CHOICE OF LAW; CONSENT TO JURISDICTION; WAIVER OF JURY TRIAL

        15.1 CHOICE OF LAW. THE LOAN DOCUMENTS (OTHER THAN THOSE CONTAINING A CONTRARY EXPRESS CHOICE OF LAW PROVISION) SHALL BE GOVERNED BY AND CONSTRUED IN ACCORDANCE WITH THE INTERNAL LAWS (INCLUDING, WITHOUT LIMITATION, 735 ILCS SECTION 105/5-1 ET SEQ, BUT OTHERWISE WITHOUT REGARD TO THE CONFLICT OF LAWS PROVISIONS) OF THE STATE OF ILLINOIS, BUT GIVING EFFECT TO FEDERAL LAWS APPLICABLE TO NATIONAL BANKS.

        15.2 CONSENT TO JURISDICTION. THE BORROWER, THE AGENT AND EACH LENDER HEREBY IRREVOCABLY SUBMITS TO THE NON-EXCLUSIVE JURISDICTION OF ANY UNITED STATES FEDERAL OR ILLINOIS STATE COURT SITTING IN CHICAGO, ILLINOIS IN ANY ACTION OR PROCEEDING ARISING OUT OF OR RELATING TO ANY LOAN DOCUMENTS AND THE BORROWER, THE AGENT AND EACH LENDER HEREBY IRREVOCABLY AGREES THAT ALL CLAIMS IN RESPECT OF SUCH ACTION OR PROCEEDING MAY BE HEARD AND DETERMINED IN ANY SUCH COURT AND IRREVOCABLY WAIVES ANY OBJECTION IT MAY NOW OR HEREAFTER HAVE AS TO THE VENUE OF ANY SUCH SUIT, ACTION OR PROCEEDING BROUGHT IN SUCH A COURT OR THAT SUCH COURT IS AN INCONVENIENT FORUM. NOTHING HEREIN SHALL LIMIT THE RIGHT OF THE AGENT OR ANY LENDER TO BRING PROCEEDINGS AGAINST THE BORROWER IN THE COURTS OF ANY OTHER JURISDICTION. ANY JUDICIAL PROCEEDING BY THE BORROWER AGAINST THE AGENT OR ANY LENDER INVOLVING, DIRECTLY OR INDIRECTLY, ANY MATTER IN ANY WAY ARISING OUT OF, RELATED TO, OR CONNECTED WITH ANY LOAN DOCUMENT SHALL BE BROUGHT ONLY IN A COURT IN CHICAGO, ILLINOIS.

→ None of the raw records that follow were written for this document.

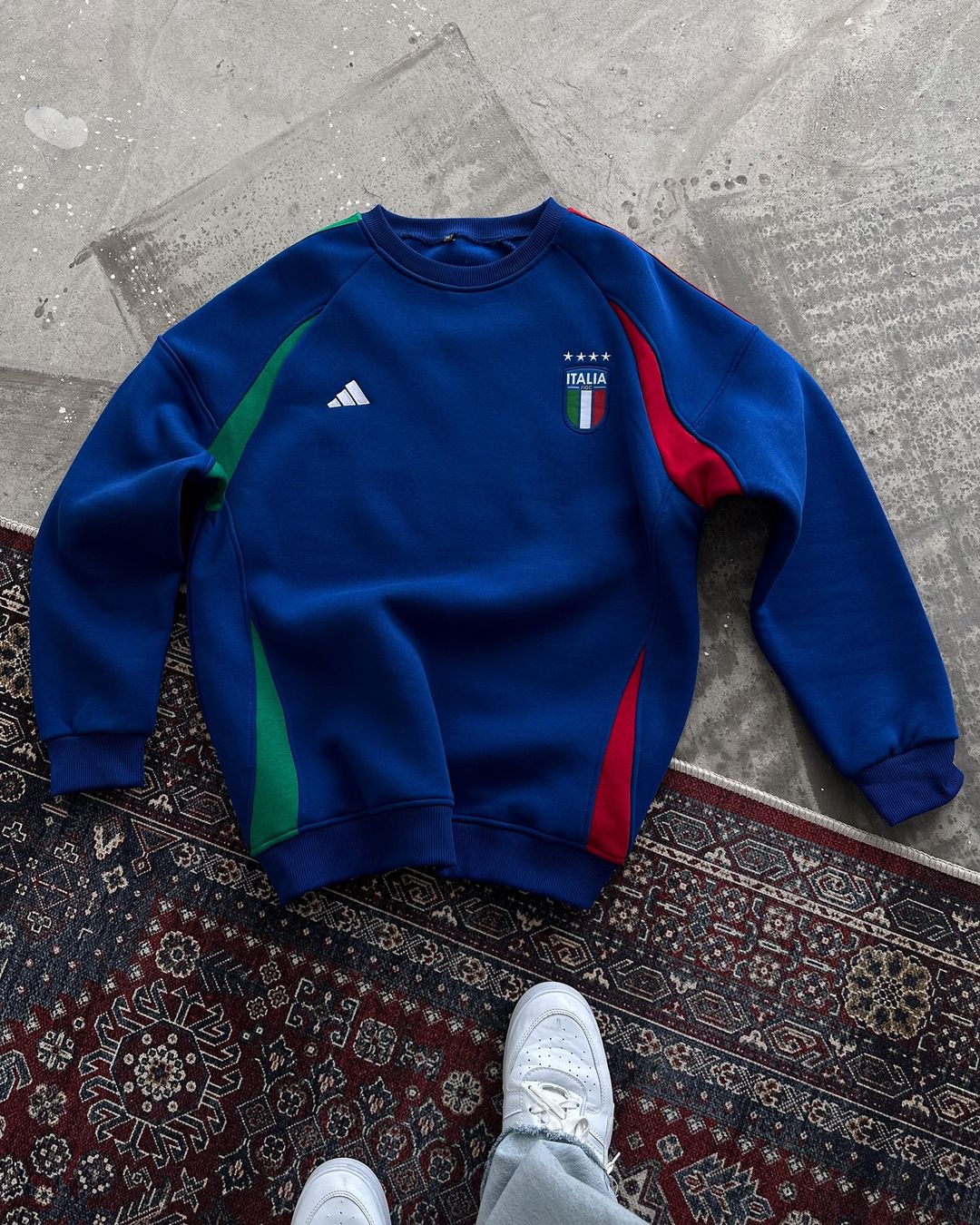 سويتر منتخب ايطاليا اديداس ,قالب كبير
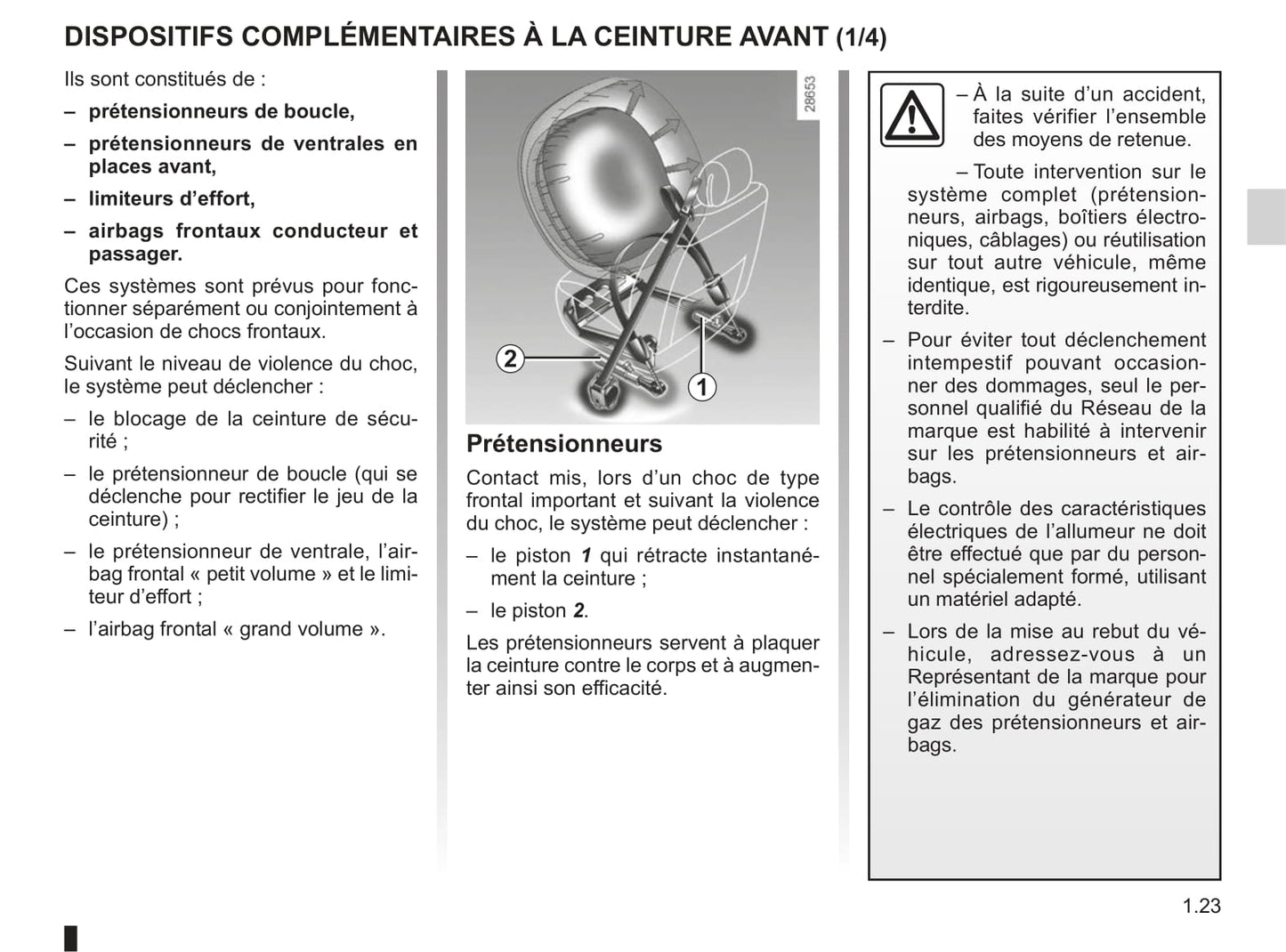 2011 Renault Espace Manuel du propriétaire | Français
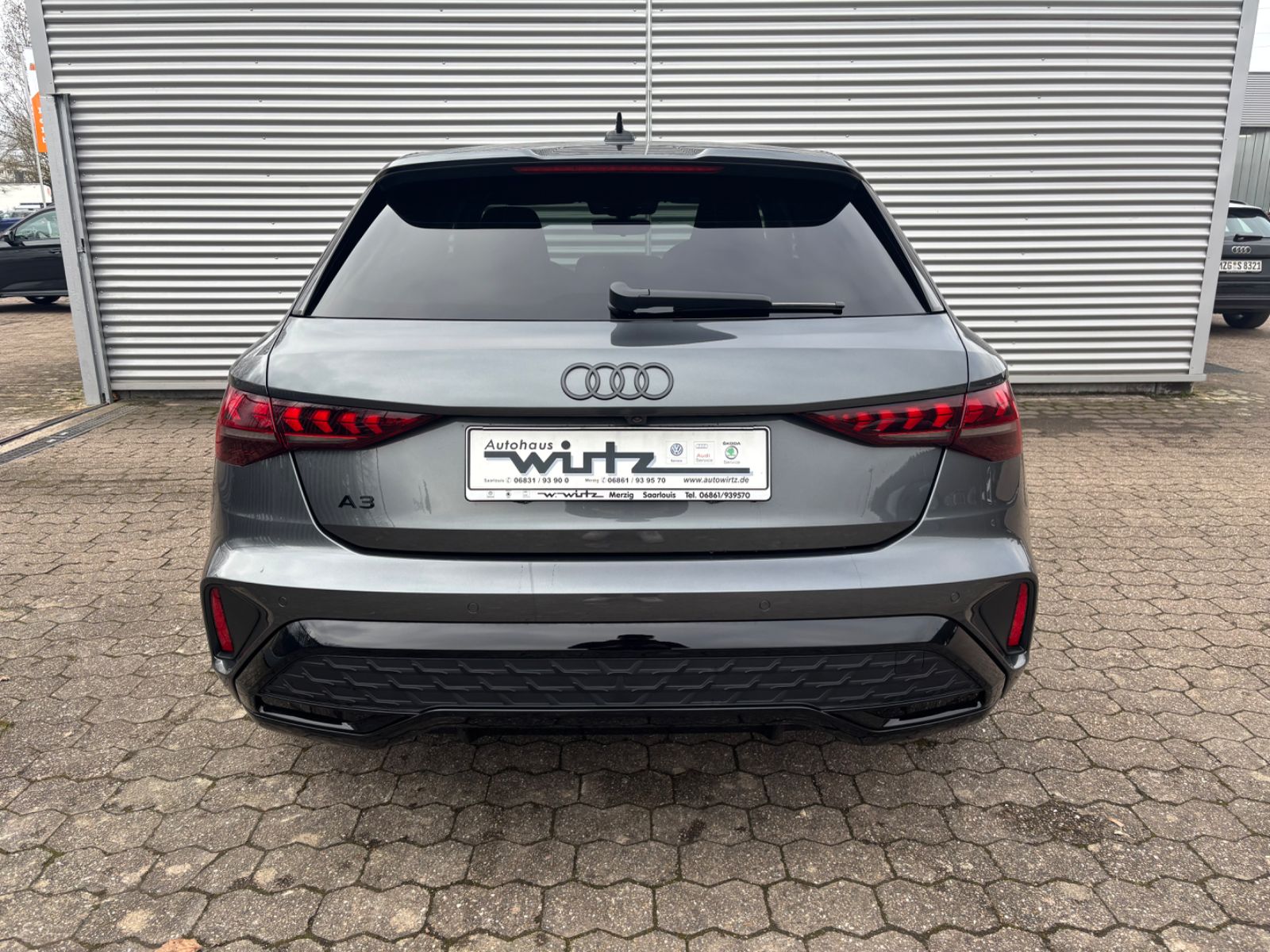 Fahrzeugabbildung Audi A3 Sportback 35TFSI S line ACC SHZ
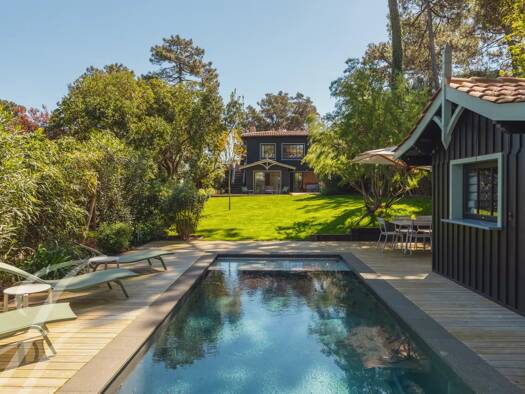 Haus zur Miete Wohnen auf Zeit provisionsfrei 18.750 € 10 Zimmer 390 m² Centre Cap Ferret Lège-Cap-Ferret 33950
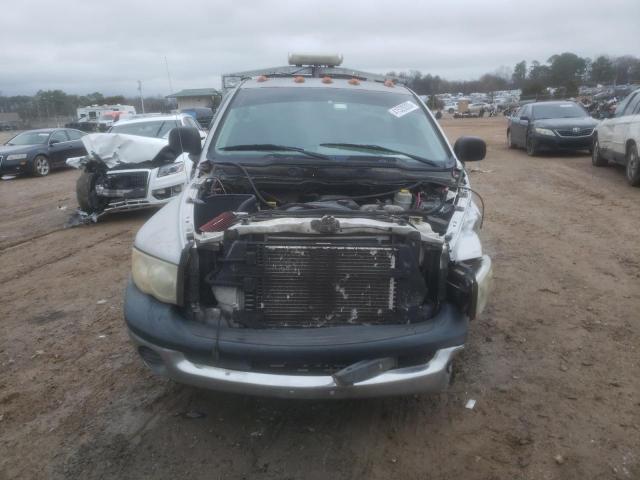 3D7MA46C23G784811 - 2003 DODGE RAM 3500 ST GRAY photo 5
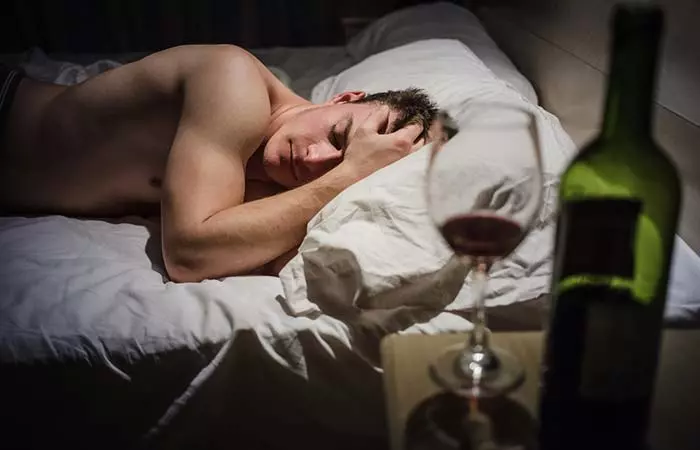 #6 Alcohol is not good before bedtime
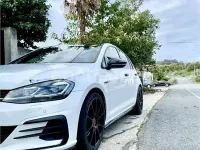 Usado VW Golf VII GTD 184 HP (135 kW) 2018 Branco Sedan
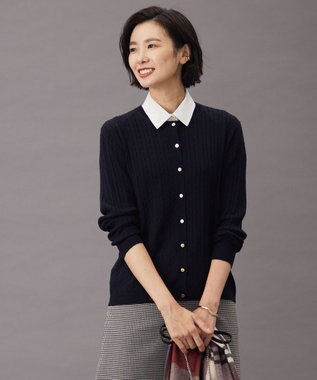 J.PRESS LADIES 【洗える】レース デコカラー 付け襟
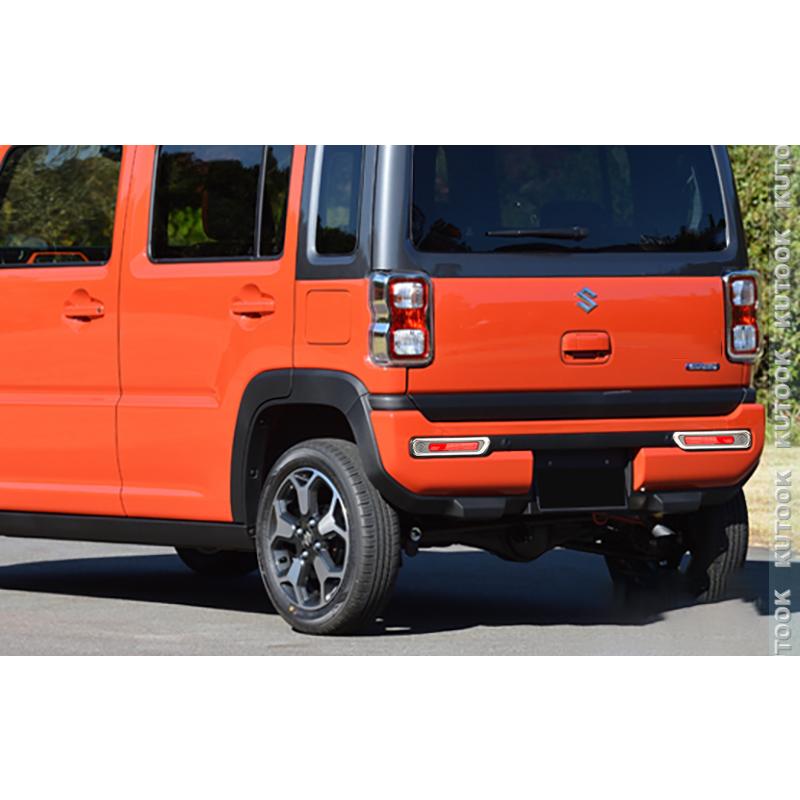 KUTOOK 新型ハスラー リアバンパーガーニッシュ ハイブリッド MR52S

        15.3 WAIVER OF JURY TRIAL. THE BORROWER, THE AGENT AND EACH LENDER HEREBY WAIVE TRIAL BY JURY IN ANY JUDICIAL PROCEEDING INVOLVING, DIRECTLY OR INDIRECTLY, ANY MATTER (WHETHER SOUNDING IN TORT, CONTRACT OR OTHERWISE) IN ANY WAY ARISING OUT OF, RELATED TO, OR CONNECTED WITH ANY LOAN DOCUMENT OR THE RELATIONSHIP ESTABLISHED THEREUNDER.

50

ARTICLE XVI

TERMINATION OF EXISTING CREDIT AGREEMENT

The Borrower and the Lenders party to the Existing Credit Agreement agree that, upon (i) the execution and delivery of this Agreement by each of the parties hereto and (ii) satisfaction (or waiver by the Borrower, the Lenders and the Agent) of the conditions precedent set forth in Section 4.1, the Existing Credit Agreement shall be deemed terminated and cancelled and all commitments to lend thereunder shall be deemed to have been reduced to zero and terminated permanently. Furthermore, on or prior to the date immediately preceding the Closing Date, any and all accrued and unpaid interest and fees due and payable thereunder shall have been paid.

[Signature Pages Follow]

51

        IN WITNESS WHEREOF, the Borrower, the Lenders and the Agent have executed this Agreement as of the date first above written.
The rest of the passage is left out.